> **ASSIGNED TASK**
Count how many lines of the data below contain the string "blue"; the reply should be that number alone.

BEGIN MATERIALS PROVIDED

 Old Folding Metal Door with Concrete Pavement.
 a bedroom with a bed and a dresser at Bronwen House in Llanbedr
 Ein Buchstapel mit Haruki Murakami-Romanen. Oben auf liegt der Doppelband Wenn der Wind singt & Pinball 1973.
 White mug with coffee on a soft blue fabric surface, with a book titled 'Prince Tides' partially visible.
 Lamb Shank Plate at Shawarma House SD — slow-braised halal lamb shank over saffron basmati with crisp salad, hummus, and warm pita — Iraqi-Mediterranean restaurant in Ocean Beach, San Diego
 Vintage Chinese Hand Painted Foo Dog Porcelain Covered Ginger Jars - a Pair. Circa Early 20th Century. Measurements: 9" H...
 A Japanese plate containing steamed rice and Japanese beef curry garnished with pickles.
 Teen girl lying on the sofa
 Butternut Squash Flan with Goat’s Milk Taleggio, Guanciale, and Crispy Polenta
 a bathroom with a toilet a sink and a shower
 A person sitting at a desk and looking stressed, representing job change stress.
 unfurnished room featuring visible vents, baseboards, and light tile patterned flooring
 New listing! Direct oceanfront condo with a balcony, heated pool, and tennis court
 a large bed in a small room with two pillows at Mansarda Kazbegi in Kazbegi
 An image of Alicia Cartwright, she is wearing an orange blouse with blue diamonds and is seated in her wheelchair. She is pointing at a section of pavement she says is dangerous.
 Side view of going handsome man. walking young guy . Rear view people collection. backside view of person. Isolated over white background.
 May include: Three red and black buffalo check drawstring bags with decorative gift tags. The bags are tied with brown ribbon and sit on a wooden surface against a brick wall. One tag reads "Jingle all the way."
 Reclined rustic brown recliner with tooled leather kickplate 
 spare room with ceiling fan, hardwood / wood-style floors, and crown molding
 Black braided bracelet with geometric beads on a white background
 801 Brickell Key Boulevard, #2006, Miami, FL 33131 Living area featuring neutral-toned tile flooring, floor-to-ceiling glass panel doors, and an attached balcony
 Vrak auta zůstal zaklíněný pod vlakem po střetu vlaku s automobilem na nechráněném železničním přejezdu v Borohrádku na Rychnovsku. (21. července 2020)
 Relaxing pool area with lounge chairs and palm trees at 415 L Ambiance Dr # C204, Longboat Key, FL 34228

END MATERIALS PROVIDED

> **RESULT OF THIS EXERCISE**
2